### DATA SECTION
• • • • •
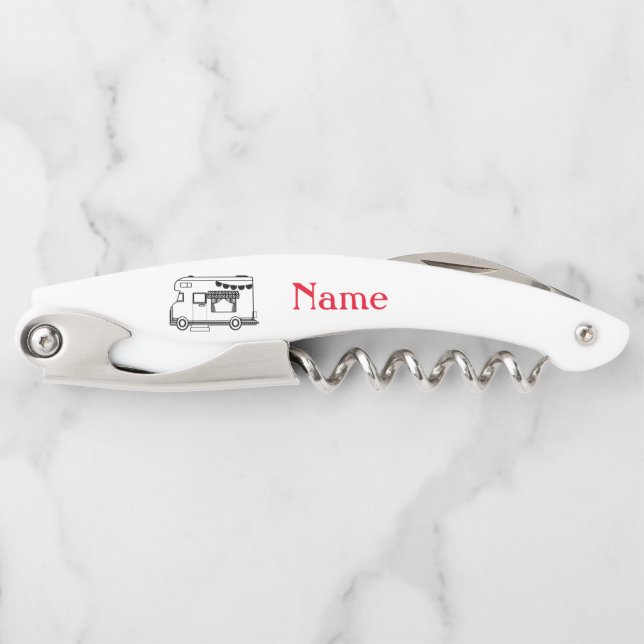 RV Camper Caravan Thunder_Cove Waiter's Corkscrew (Front)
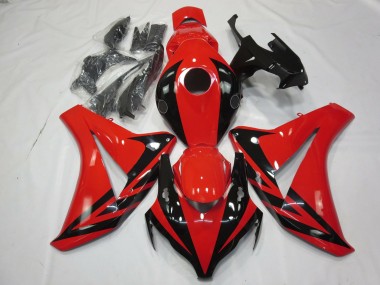 OEM Red Style 2008-2011 CBR1000RR Motorcycle Fairings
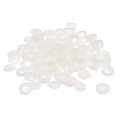 thumbnail image 1 of 150uds Tapas de Plástico Plegable Unique Bargains 4mm para Tornillos M2 M3 M4, 1 of 5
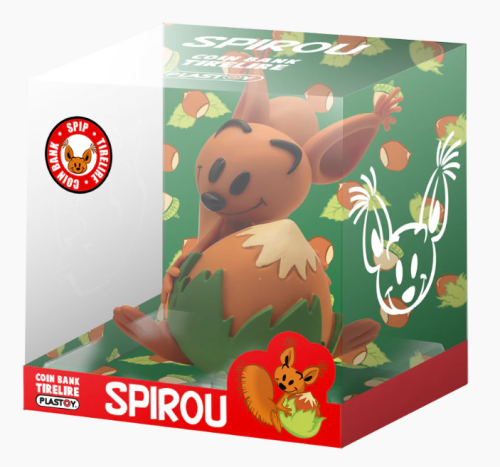 Tirelire Spip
• • • • •
### THE PROBLEM
When you reach an image, pass over it, and retype all other material exactly.

### REPLY
 RV Camper Caravan Thunder_Cove Waiter's Corkscrew (Front)
 OEM Red Style 2008-2011 CBR1000RR Motorcycle Fairings
 thumbnail image 1 of 150uds Tapas de Plástico Plegable Unique Bargains 4mm para Tornillos M2 M3 M4, 1 of 5
 Tirelire Spip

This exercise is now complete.